Si certaines maladies « s’achètent » et arrivent dans les cheptels par le biais des introductions, d’autres sont beaucoup plus difficiles à maîtriser en raison de leur mode de transmission. C’est le cas des maladies vectoriellescomme :

  • la FCO,
  • la MHE.

L’insecte responsable de la transmission de ces maladies est en effet capable de parcourir de grandes distances dès que les conditions sont favorables.

Pour ce type de maladies, la prévention passe donc principalement par :

  • le renforcement de l’immunité,
  • une bonne conduite des animaux, en particulier sur l’aspect alimentation,
  • et, quand cela est nécessaire, une vaccination.

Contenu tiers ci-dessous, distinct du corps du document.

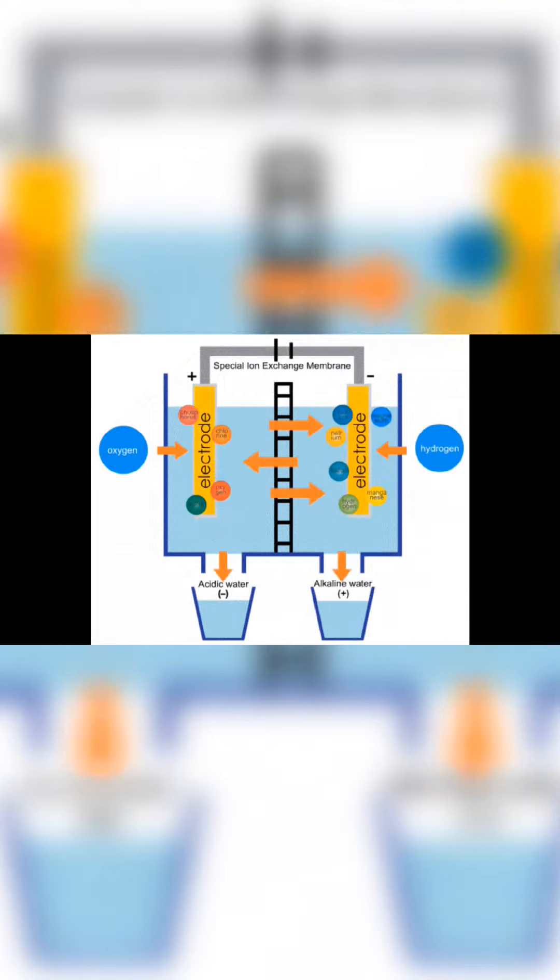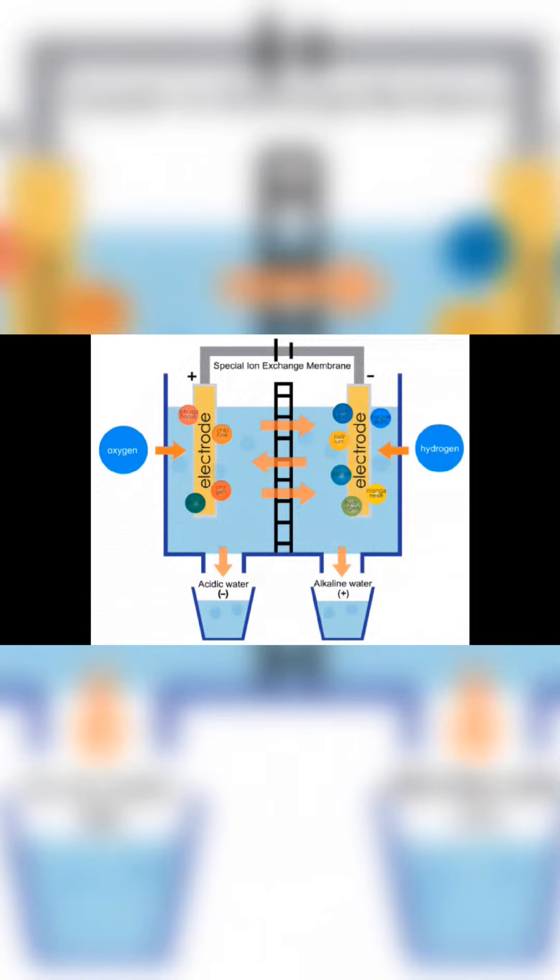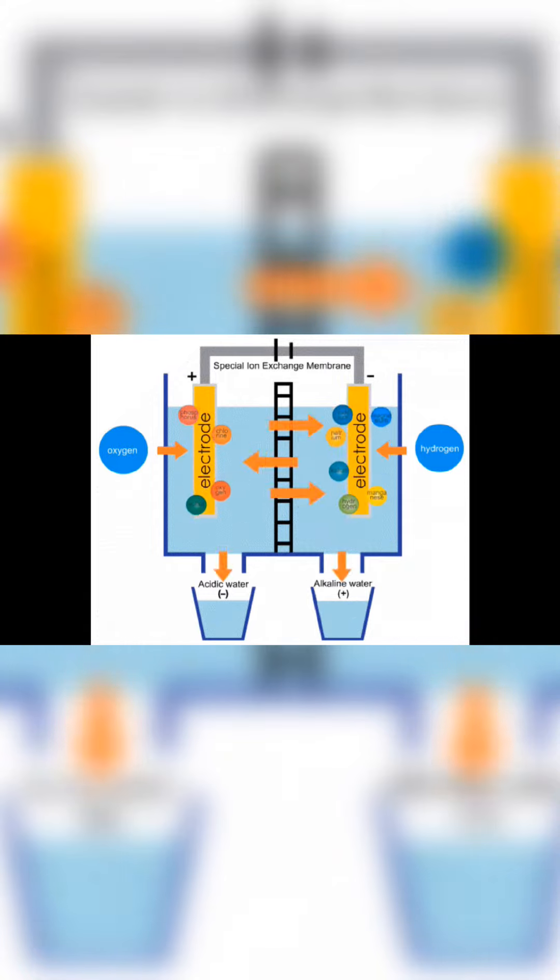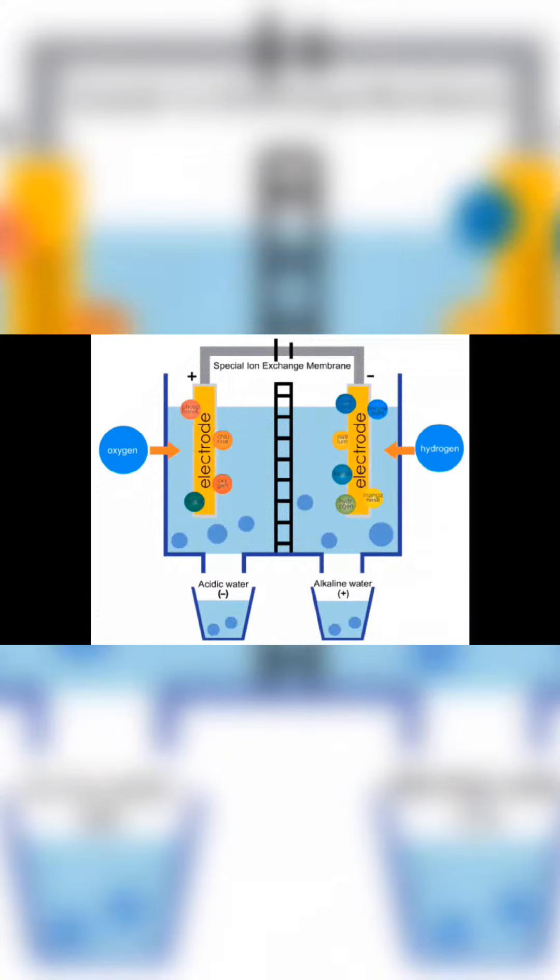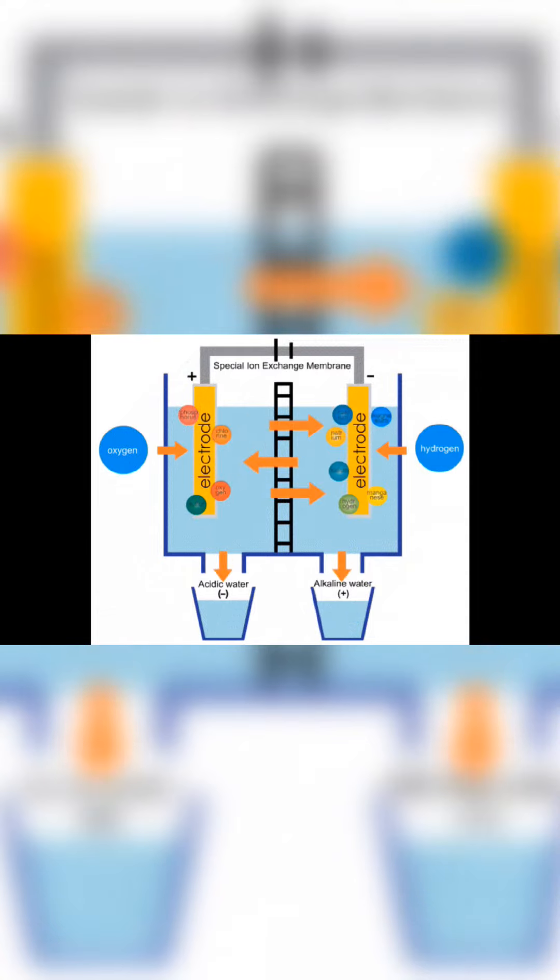You should see copper forming on the electrode connected to the negative terminal. The copper from the solution is getting deposited. Meanwhile, the electrode connected to the positive terminal will show signs of corrosion.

Ces deux points ne sont bien sûr pas spécifiques aux maladies vectorielles et jouent un rôle pour toutes les maladies.

 

Conduite des animaux

Les points qui vous aideront à améliorer la bonne immunité de vos animaux sont les suivants :

  • Alimentation : apports adaptés en :
    • énergie,
    • protéines,
    • fibres,
    • minéraux,
    • oligo-éléments,
    • importance de la qualité de l’eau ;
  • Bâtiments :
    • densité,
    • ventilation,
    • luminosité,
    • hygiène de la litière adaptée, etc. ;
  • Bonne gestion du parasitisme ;
  • Adaptation de la conduite selon le stade physiologique des animaux :
    • allotement par stade physiologique,
    • préparation au vêlage pour une bonne qualité du colostrum,
    • gestion adaptée des primipares.

Certains cheptels ont en effet pu régler les problèmes de diarrhées néonatales en adaptant l’alimentation du troupeau. Ceci permet un colostrum de meilleure qualité et donc une meilleure transmission d’immunité aux nourrissons.

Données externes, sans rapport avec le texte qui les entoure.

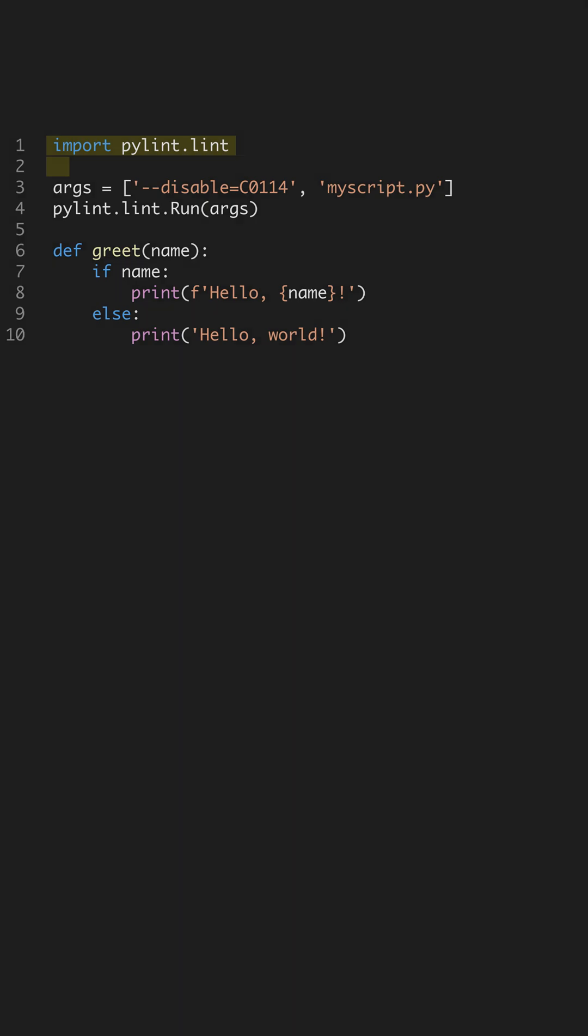Elevate your Python projects with PyLint. It's more than a linter. It scans your code to ensure it adheres to Python's best practices.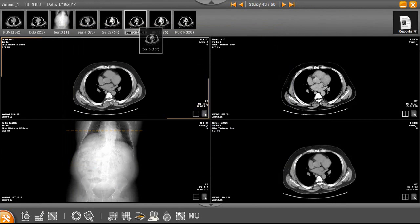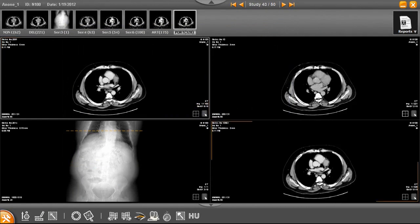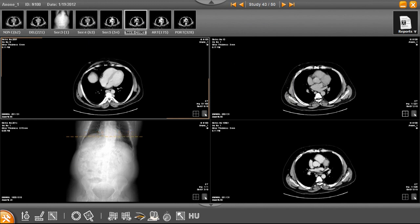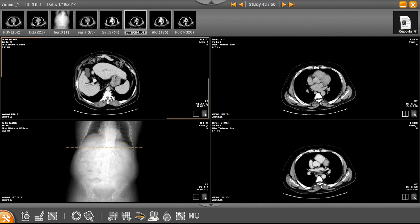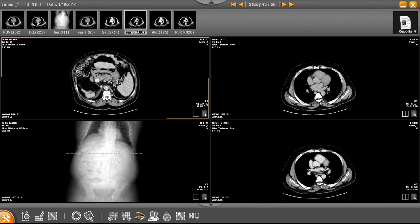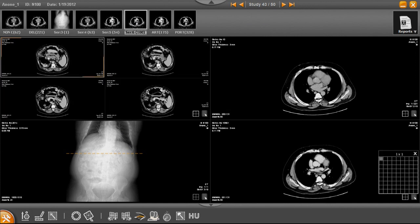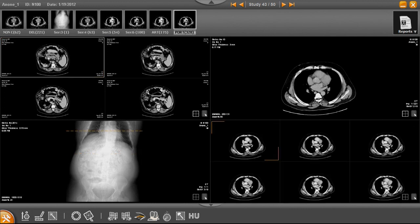The ultra-fast streaming technology makes it possible to stream large studies in seconds without compromising the image quality. The auto-fetch technology enables users to diagnose large studies instantly without having to wait for a complete study to stream. Smart Reading automatically launches hanging protocols based on user preference and modality type, helping to further increase productivity.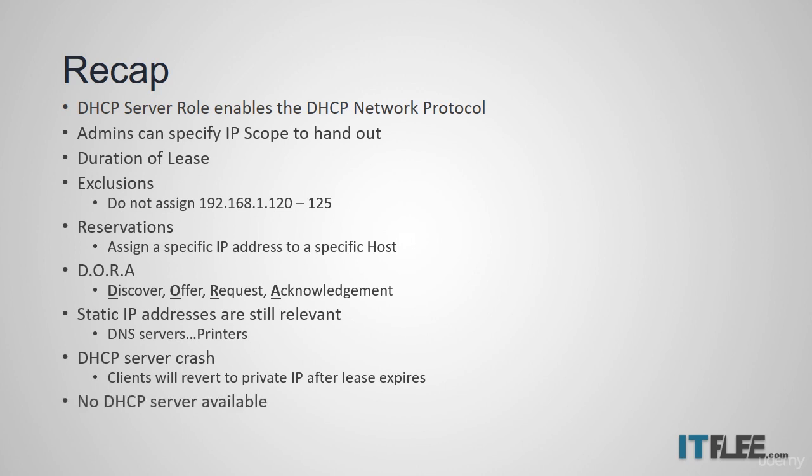Finally, if a computer is configured to use DHCP but it cannot find a DHCP server, it will assign itself a private IP address that starts with 169.254.x.x. Great job getting through all this information.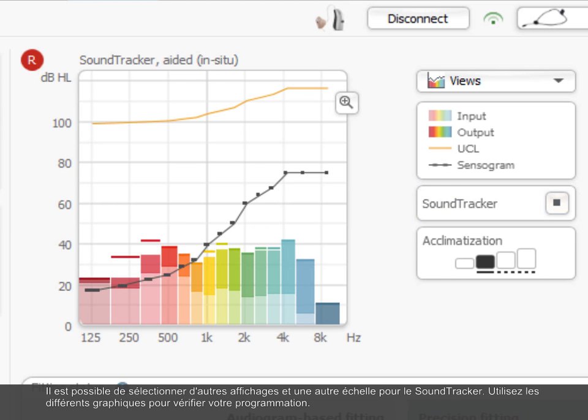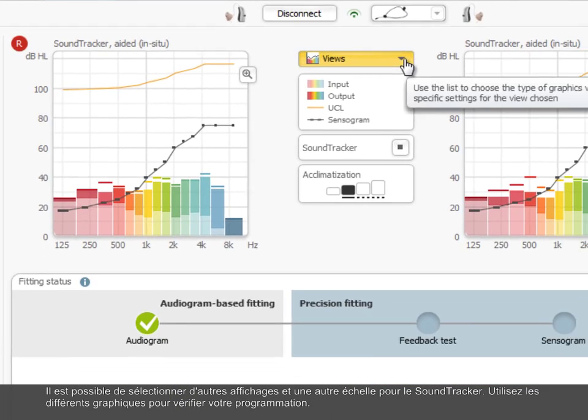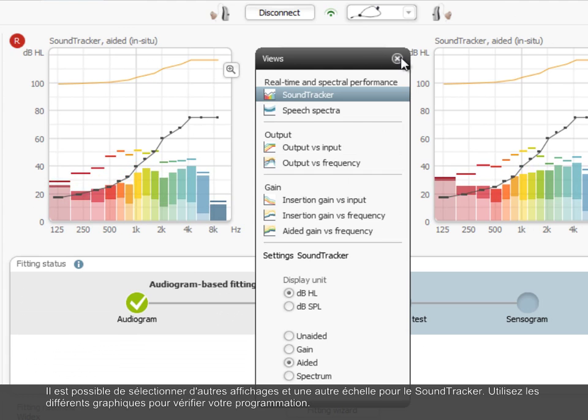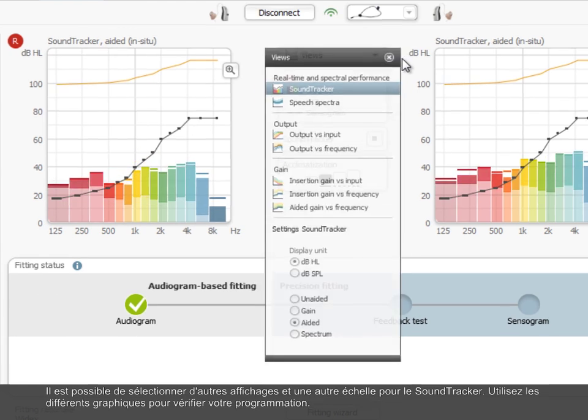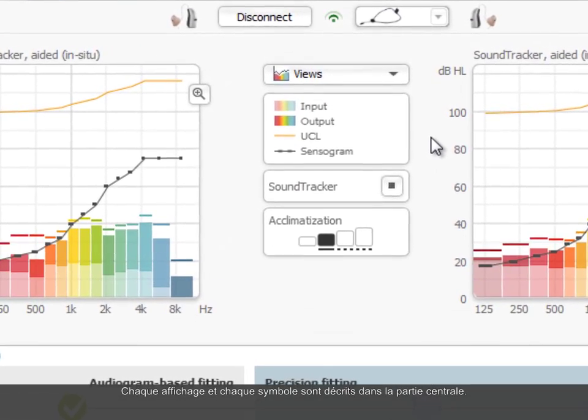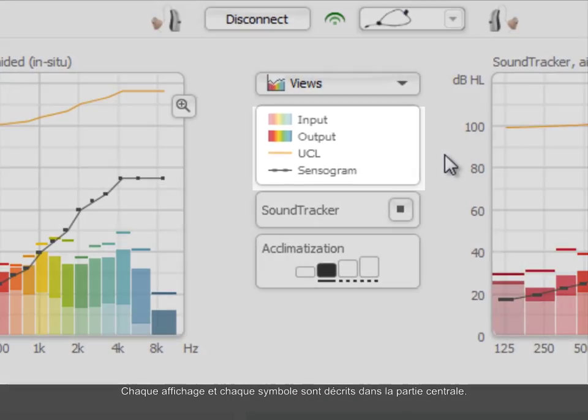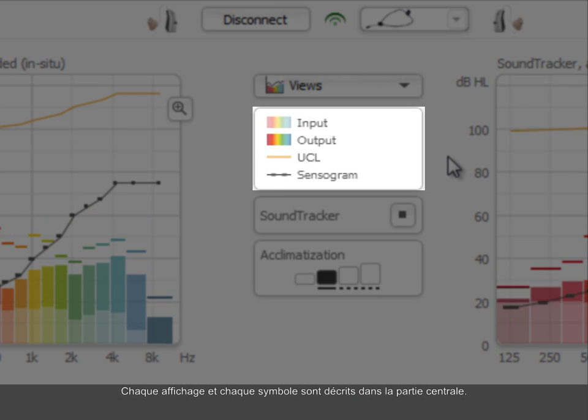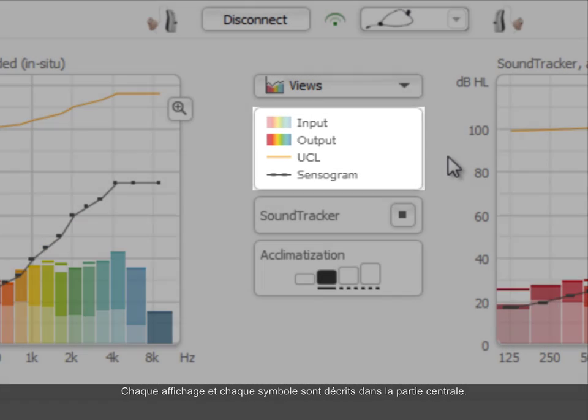Alternate views and scaling for the sound tracker are selectable. Use the various graphics to verify your fitting. There is an explanation for each view and symbols are provided in the area in the middle.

De même, certaines pathologies respiratoires peuvent être réglées par :

  • une meilleure conception des bâtiments,
  • un aménagement pour améliorer le renouvellement et la qualité de l’air (sur ce point, ne pas hésiter à faire appel à un conseiller bâtiment).

 

Vaccination

Lorsque l’amélioration des facteurs de risque sur le logement ou l’alimentation des animaux ne donne pas les effets espérés ou n’est pas possible (bâtiment mal conçu sans possibilité d’aménagement par exemple), la vaccination peut s’avérer utile contre des pathologies comme :

  • les maladies respiratoires,
  • les diarrhées à rota/coronavirus,
  • la cryptosporidiose.

Il est important de noter que pour qu’une vaccination soit pleinement efficace, la conduite des animaux, notamment sur le plan alimentaire, doit être adaptée. Les déficits constatés régulièrement sur la teneur des rations en protéines nuisent à la fabrication des anticorps (qui sont des protéines) nécessaires à la mise en place de l’immunité.

 

Éviter que des pathogènes ne persistent dans l’environnement

Ce volet concerne plus particulièrement :

  • L’aménagement et la stabilisation des points d’eau ;
  • La réalisation, si nécessaire, d’une désinfection des bâtiments et d’un vide sanitaire ;
  • La bonne gestion des effluents d’élevage :
    • éviter les ruissellements,
    • l’accès d’animaux,
    • effet bénéfique du compostage, etc.